## EXERCISE DESCRIPTION
When writing out the entries below, keep only the lines from the line with "Ruffled Neck Lace-Up" to the line with "411 S Lynnwood", both included, exactly as they are, and leave the pictures aside.

## DATA FOR ANALYSIS
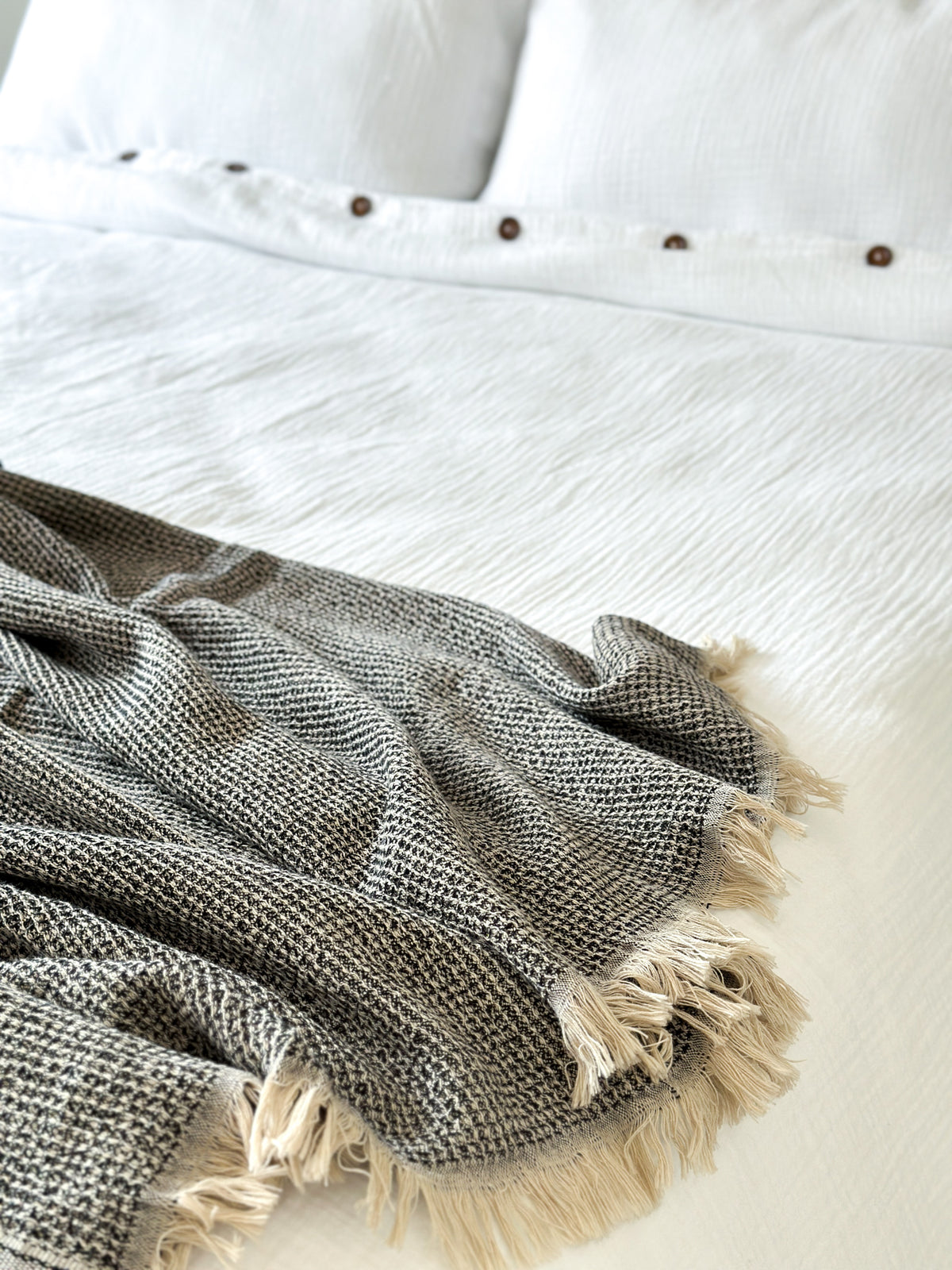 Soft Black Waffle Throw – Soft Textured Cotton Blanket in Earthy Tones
--
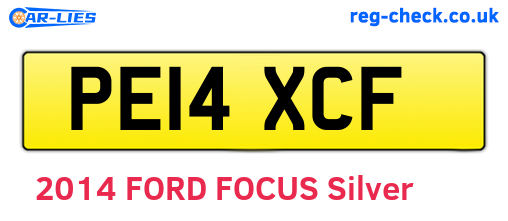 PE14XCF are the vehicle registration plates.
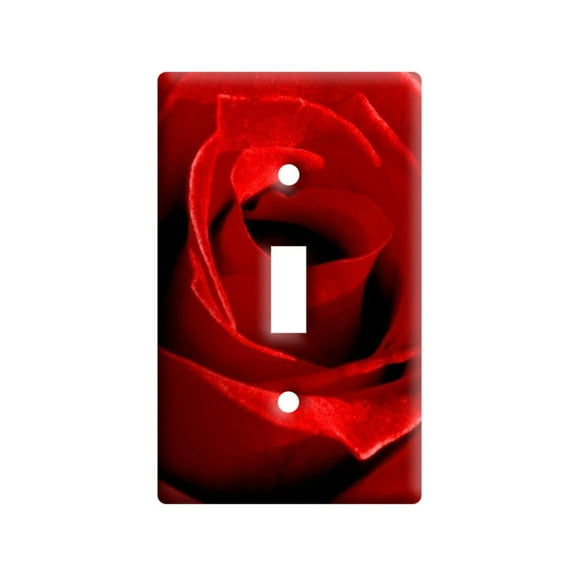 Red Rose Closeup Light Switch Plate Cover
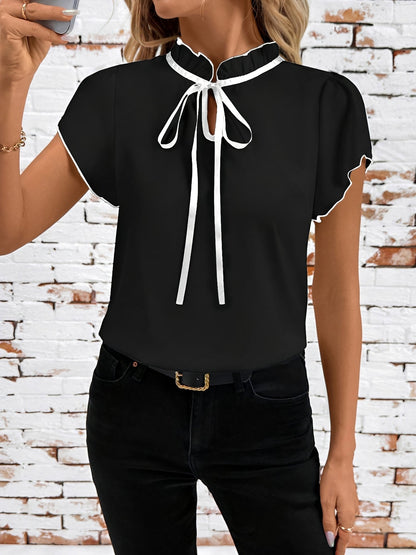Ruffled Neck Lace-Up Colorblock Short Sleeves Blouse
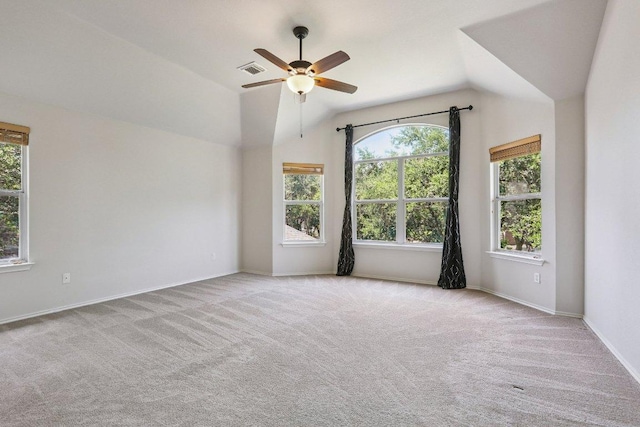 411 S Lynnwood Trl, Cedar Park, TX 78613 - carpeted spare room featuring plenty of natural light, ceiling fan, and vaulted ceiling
* * *
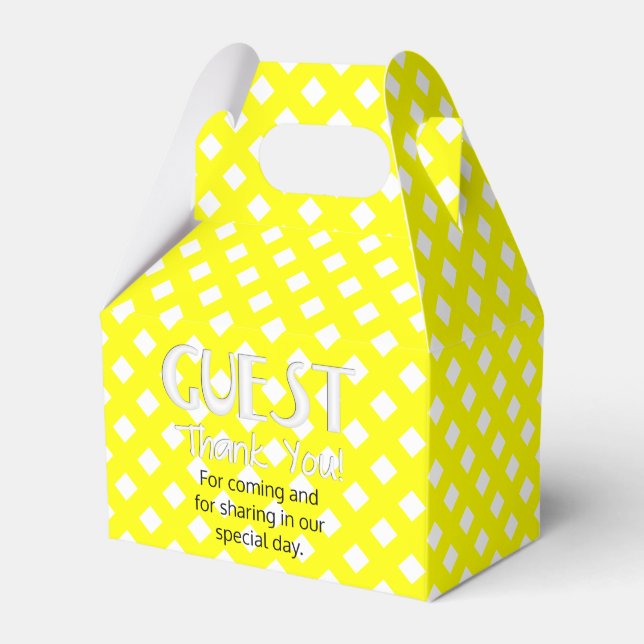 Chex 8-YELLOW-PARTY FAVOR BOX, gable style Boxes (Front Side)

## TASK RESPONSE
Ruffled Neck Lace-Up Colorblock Short Sleeves Blouse
 411 S Lynnwood Trl, Cedar Park, TX 78613 - carpeted spare room featuring plenty of natural light, ceiling fan, and vaulted ceiling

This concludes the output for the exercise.